The BBC reporter told us on the World Service on the morning of Friday 6 October that "the Palestinians now have two extra days to stop the violence". In other words, the reporters had accepted Israel's claim that the Palestinians - and therefore Arafat - were "behind" the violence.

Had I not witnessed the same inverted logic in action during Israel's 22-year occupation of part of Lebanon, I would not have believed my ears. It's not that we reporters should be romantic about the corrupt, effete, nepotistic, brutal rule of Yasser Arafat. Nor sentimental about the cruel men of Hamas and Islamic Jihad.

But a Palestinian policeman's first job - as is true of any policeman anywhere - is surely to protect his people. And when Israeli "security forces" were using automatic rifles and helicopter-fired missiles against rioters, it is not very surprising, surely, that Arafat's men started shooting back. After all, they didn't open fire on the first day of the rioting, when the Israelis had the killing-fields to themselves.

But, no, the Palestinian Authority was not exercising the authority invested in it by the Israelis and the United States to protect Israel, and to abide by the ever more humiliating clauses of a "peace" that will give the Palestinians neither a viable state, nor an end to Jewish settlements on occupied land, nor a capital in Arab East Jerusalem. No wonder the Israelis complained. Listening to some of their spokesmen last week - complaining about the inability of their serving soldiers to enjoy the peace of Yom Kippur at home - you would think it was the Israelis who were occupied by the Palestinians.

And so we come to the famous "deadline". Barak, the BBC informed us, had given the Palestinians until the night of 9 October to "control" the violence or the "peace process" was at an end. On air, I repeatedly questioned this so-called "ultimatum". The Israelis were always making such threats in Lebanon, and either backing down by delaying them indefinitely or blasting their way into another self-inflicted catastrophe.
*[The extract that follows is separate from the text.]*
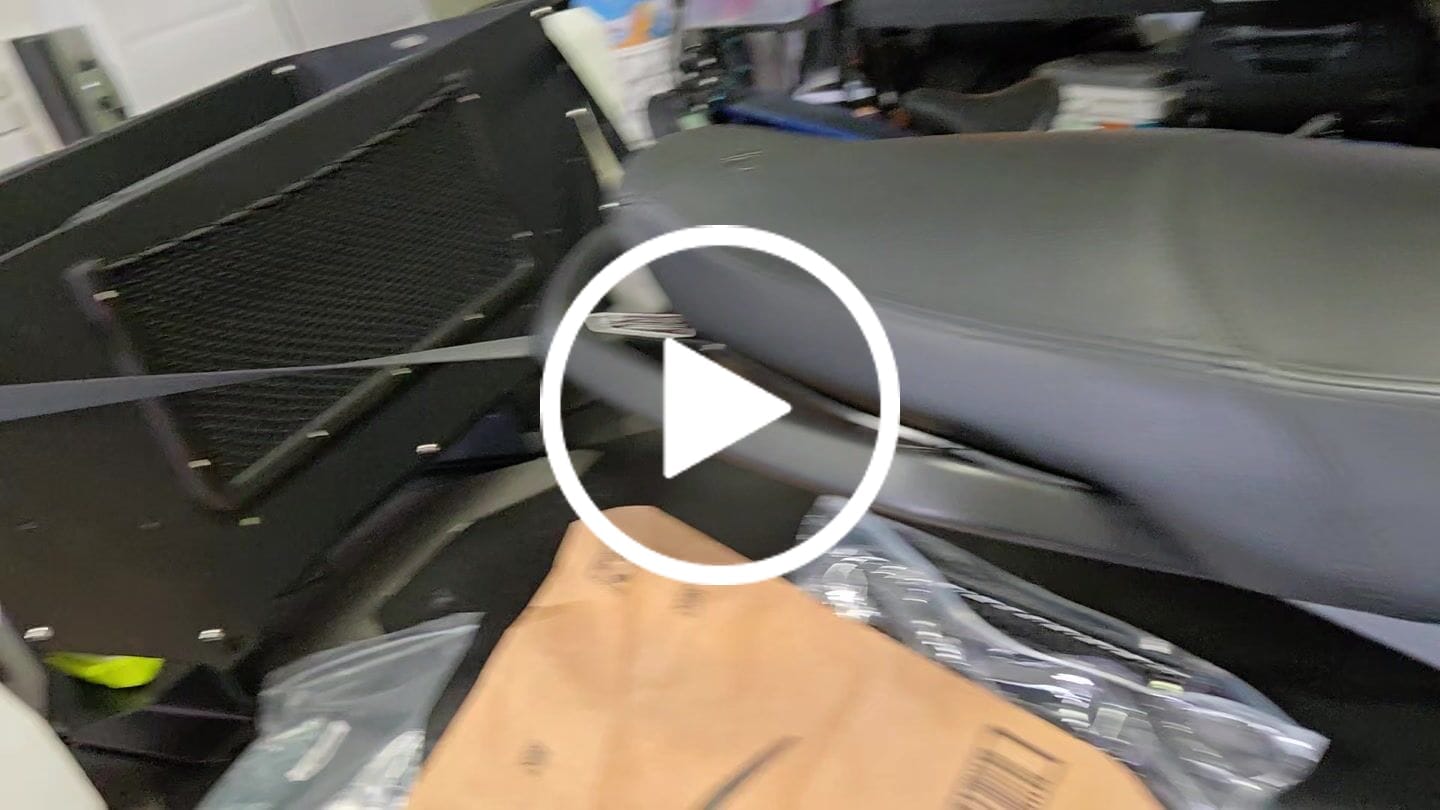Customer video review of JET TECH STORAGE BOX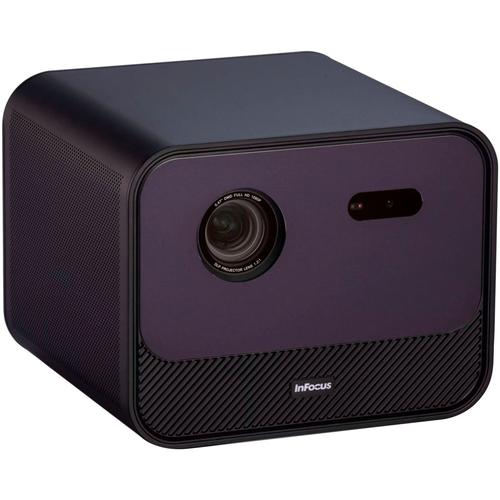 INFOCUS Beamer ""LED-DLP-Beamer, 1200 Lumen, Full HD, 2x20W Sound, HDMI ARC, 130"" max"", schwarz, B:18,7cm H:15,7cm T:19,8cm, Beamer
My own guess was that the Israelis thought that Arafat - true to form - would back down at the last moment and announce that, alas, he could "control" the violence and would now bring it to an end. And I rather suspect that Barak's six-hour cabinet meeting was spent vainly waiting for Arafat to crumble. But he did not - and the Israelis did what they so often did in Lebanon: they simply abandoned the deadline. On the BBC, Israel "bowed to intense international pressure".

So could Arafat have "controlled" his people? Yes, if he had been offered a decent peace, something that really answered the aspirations of a people who want a state - a real state, not an American-Israeli subject nation.

But the real question was not asked. Why couldn't Barak control the Israeli "security forces" who shot and killed more than 100 Palestinians, including children as young as nine, who fired missiles into a Palestinian apartment block and who then - according to an uncritical BBC reporter - threatened to use machine-guns? Couldn't Barak control the Israelis who - just like their Palestinian neighbours - went on an ethnic burning campaign in Nazareth?

The question remained unspoken. For Israel's role as a "peacemaker" cannot be questioned, its rule in the still-occupied territories has no need of any critical analysis, except in the mild "excessive force" language of the United Nations. Arafat's role is colonial. To do as he is told. And to keep control.